Para finalizar, quisiera referirme justamente a la trascendencia de la poesía en el tiempo, preocupación que implica un planteamiento no sólo estético de la literatura, sino también histórico y social. A mi juicio, en este libro se manifiesta una postura de insatisfacción frente a un territorio y una patria carente de límites y características definidos. La quinta sección, “Mi residencia es una antorcha de agua”, en el título hace un guiño a Neruda y alude al territorio, para luego abrir con un epígrafe de Gabriela Mistral, extraído del poema “Caída de Europa”, que habla de la ausencia o incertidumbre de una patria y la búsqueda de ella.
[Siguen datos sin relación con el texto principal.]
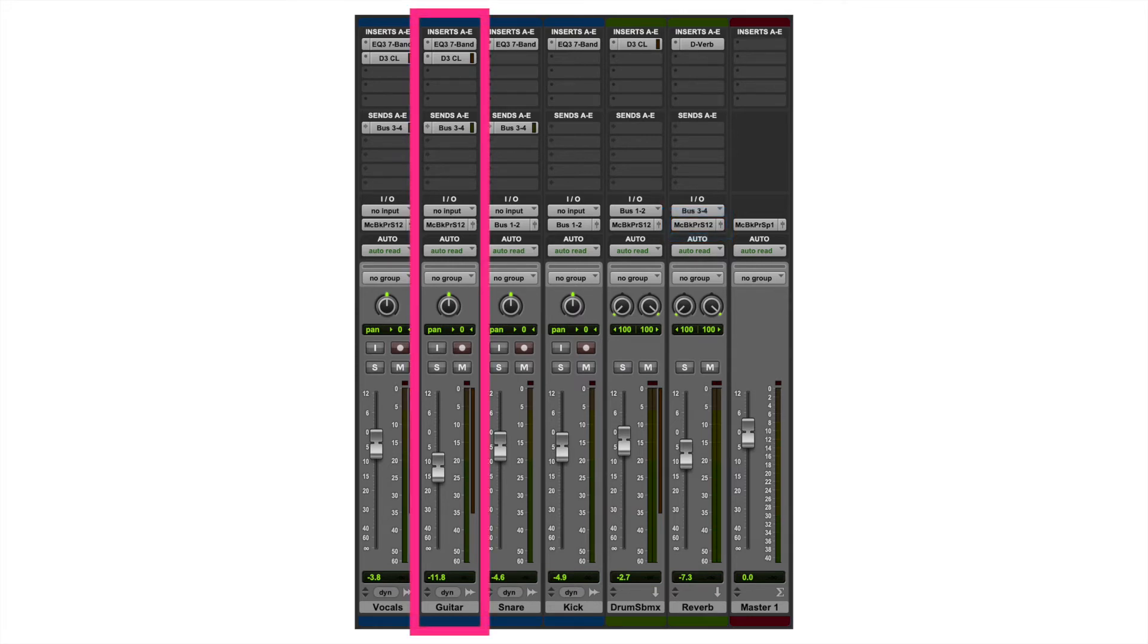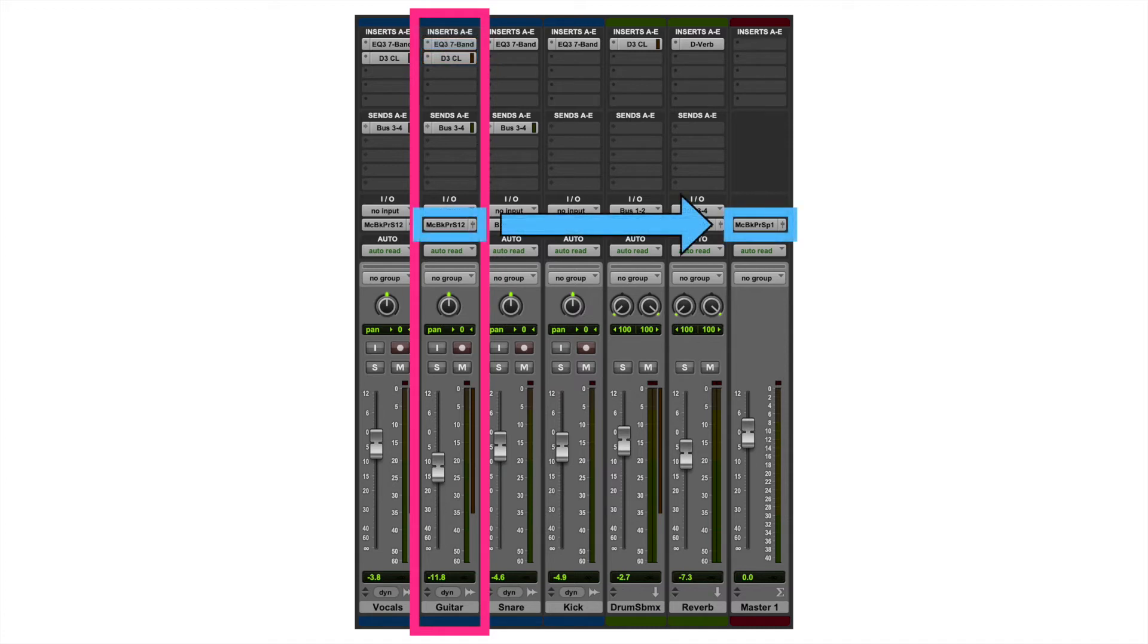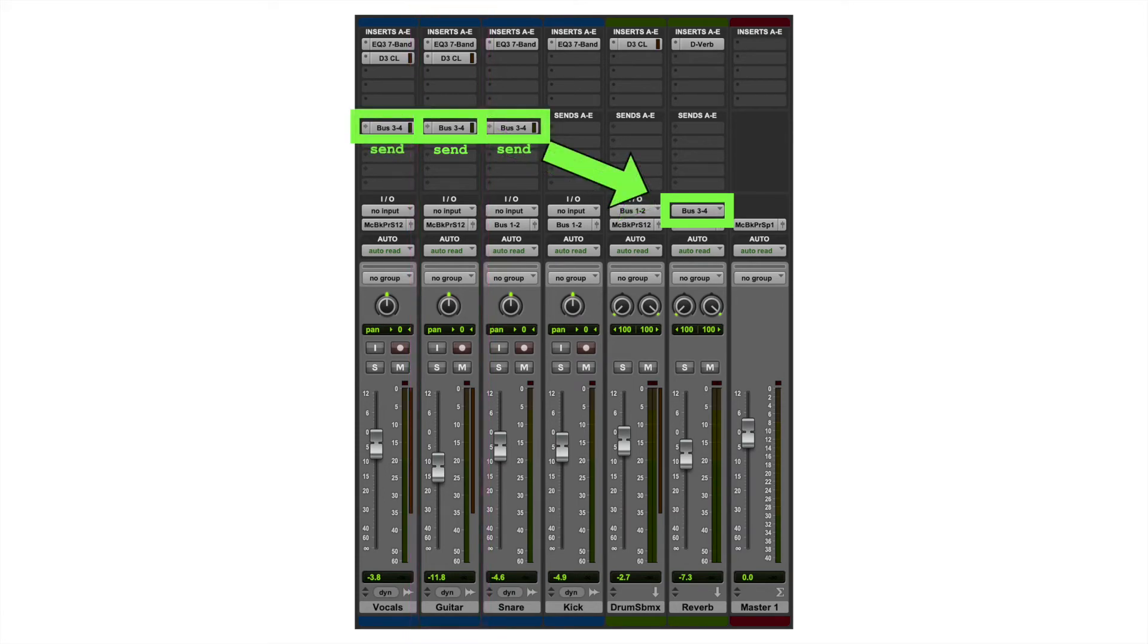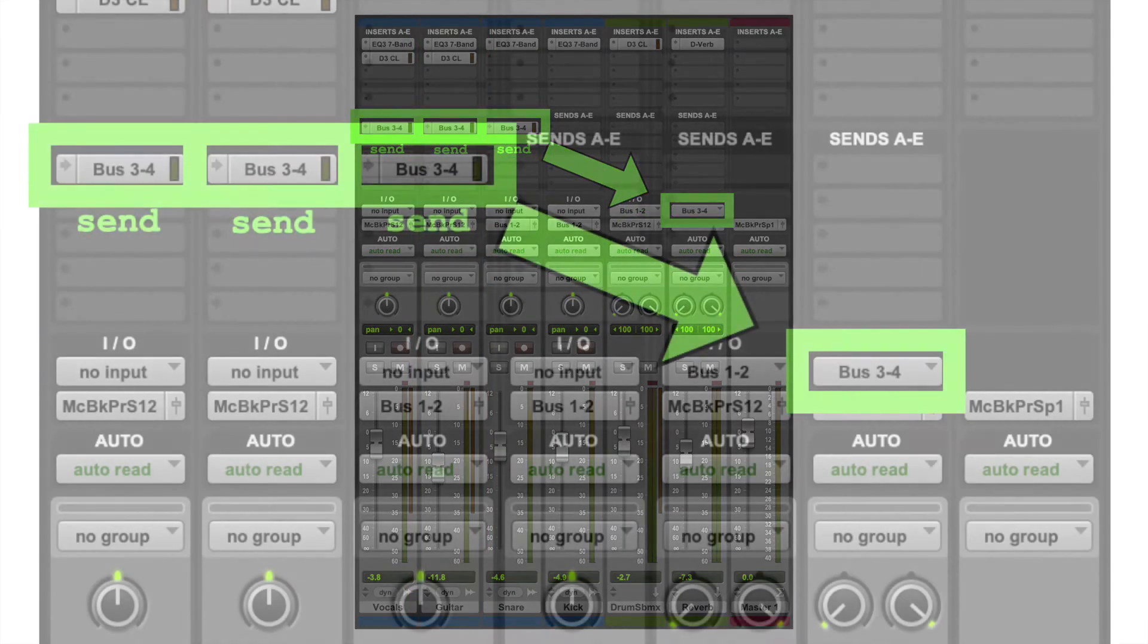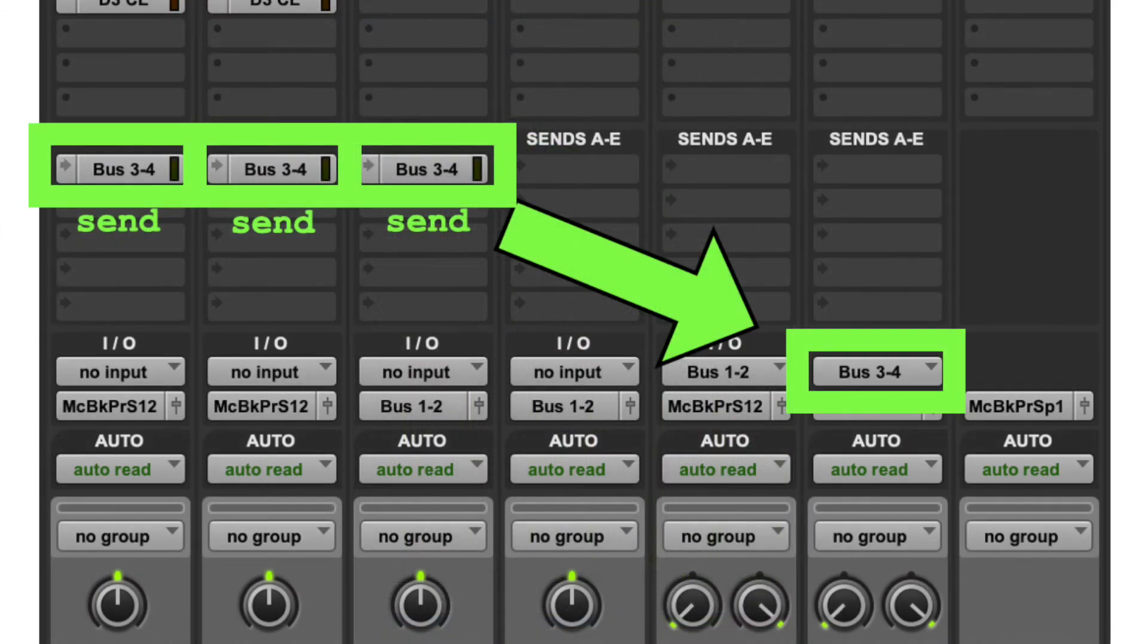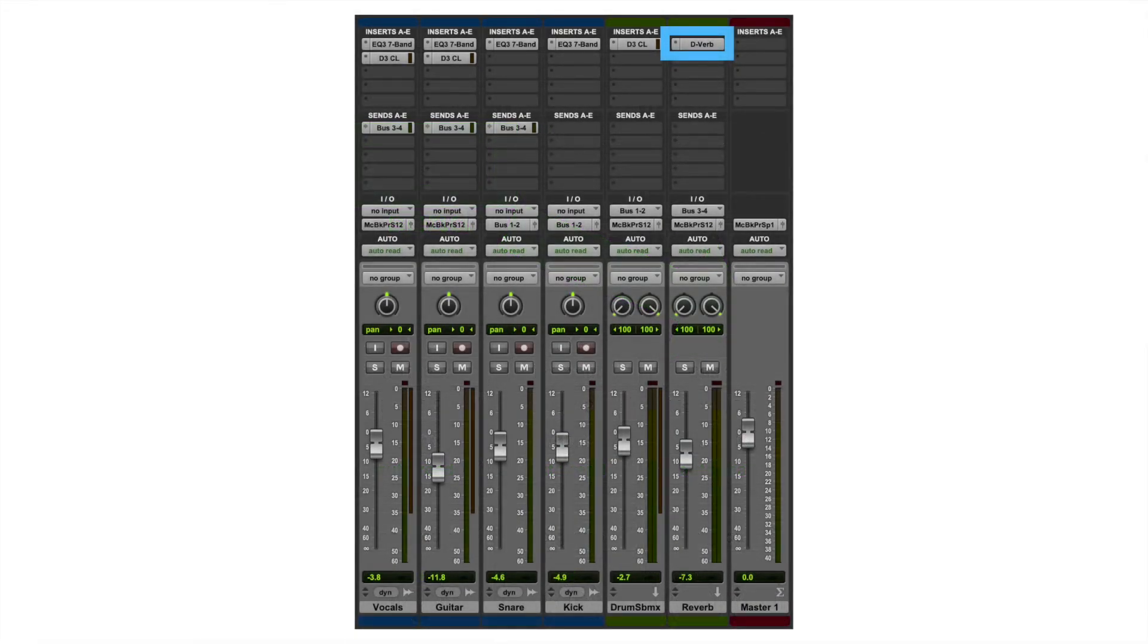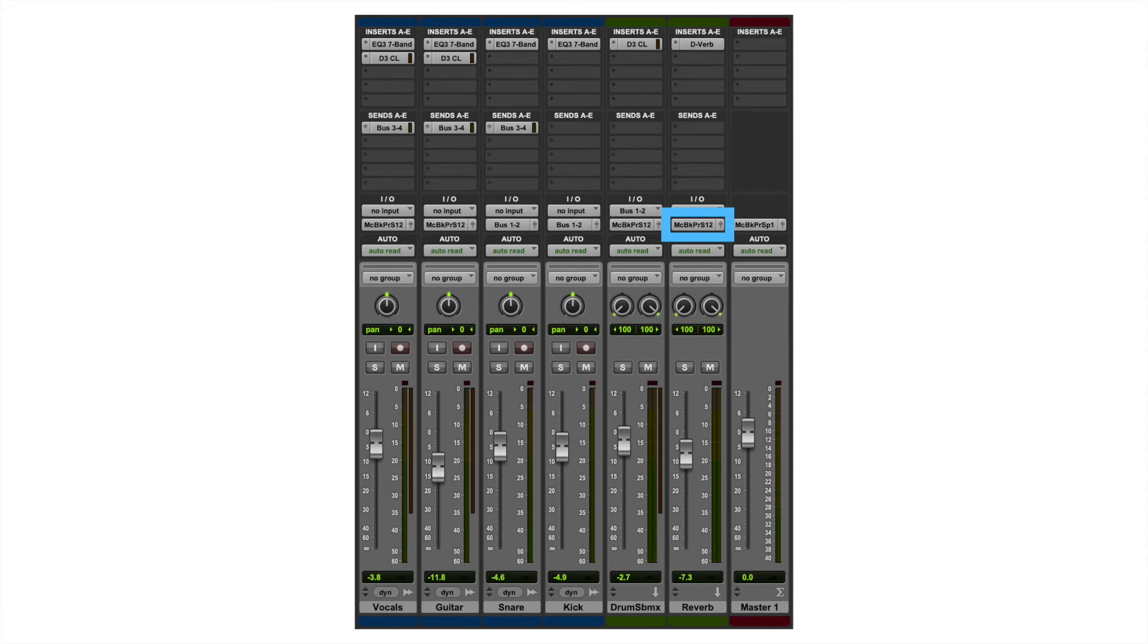If we look at the guitar, same thing. EQ, compressor goes to the speakers, also gets split out to 3-4, which is our reverb, and then that reverberated signal will be a mix of the send from the vocals, the guitar, and the snare, all sent through the reverb, which goes out to the speakers.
Se abre así una clave de interpretación en la que el hablante lírico se mueve siempre en un país, una geografía y coordenadas inciertos, con una identidad territorial que se define, más allá del “suelo no suelo” referido, tal vez en la presencia de espacios públicos citadinos, como los parques, donde, semejantes al flaneûr de Baudelaire, los transeúntes deambulan sin propósito, compartiendo el lugar sin hacerse parte de la multitud, sin identificarse o relacionarse con el otro.  En cambio, los parques (y en su versión más salvaje, los bosques), y toda referencia a la geografía, están más bien relacionados con la experiencia personal de lo espacial, replicándose en el cuerpo humano o en sus partes. Cuerpo y ambiente se fusionan o confunden:

Un paseo en mi propia residencia (…) Quiero tener todo Ser parte de mí y de lo ajeno Parte del cuerpo y el espejismo que genera esa manera tuya de romper con lo que llamaste alguna vez fatalidad Creo que no puedo conseguir algo que no sea noche Esa es la razón por la que los parques apuntan siempre hacia adentro Siempre hacia el fondo de la garganta Una garganta llena de flores y pájaros

“Oscuros objetos cerca de la boca”

Así, también el concepto de patria se representa como algo inconcluso y abstracto:

Un suspiro de patria que no me dio coordenadas ni geografía Sólo un presentimiento de algo incorpóreo

“Un ojo llamado cacería”

La patria se manifiesta, además, a través de la figura de los progenitores, donde el padre se asocia al sentimiento de no pertenencia, al olvido y todo lo que la mala memoria puede hacerle a un país, y la madre es la patria nueva, representada en la matriz y en lo que de ella pueda nacer. Persiste, entonces, la esperanza de que, después del desastre tantas veces mencionado, nuevas voces se hagan cargo de la indefinición de la patria y el territorio heredados, prueba fehaciente de una renovación positiva en la poesía chilena actual. La voz de Marcela Saldaño sigue este camino y vuela más allá del horizonte de la literatura de género para instalarse en lo alto, desde donde aguza su ojo cazador.

"Sus versos están provistos de un gran poder de sugerencia y nos introducen en vivencias, de apariencia autobiográfica, para concluir relatándonos un mundo donde domina una compleja sensibilidad."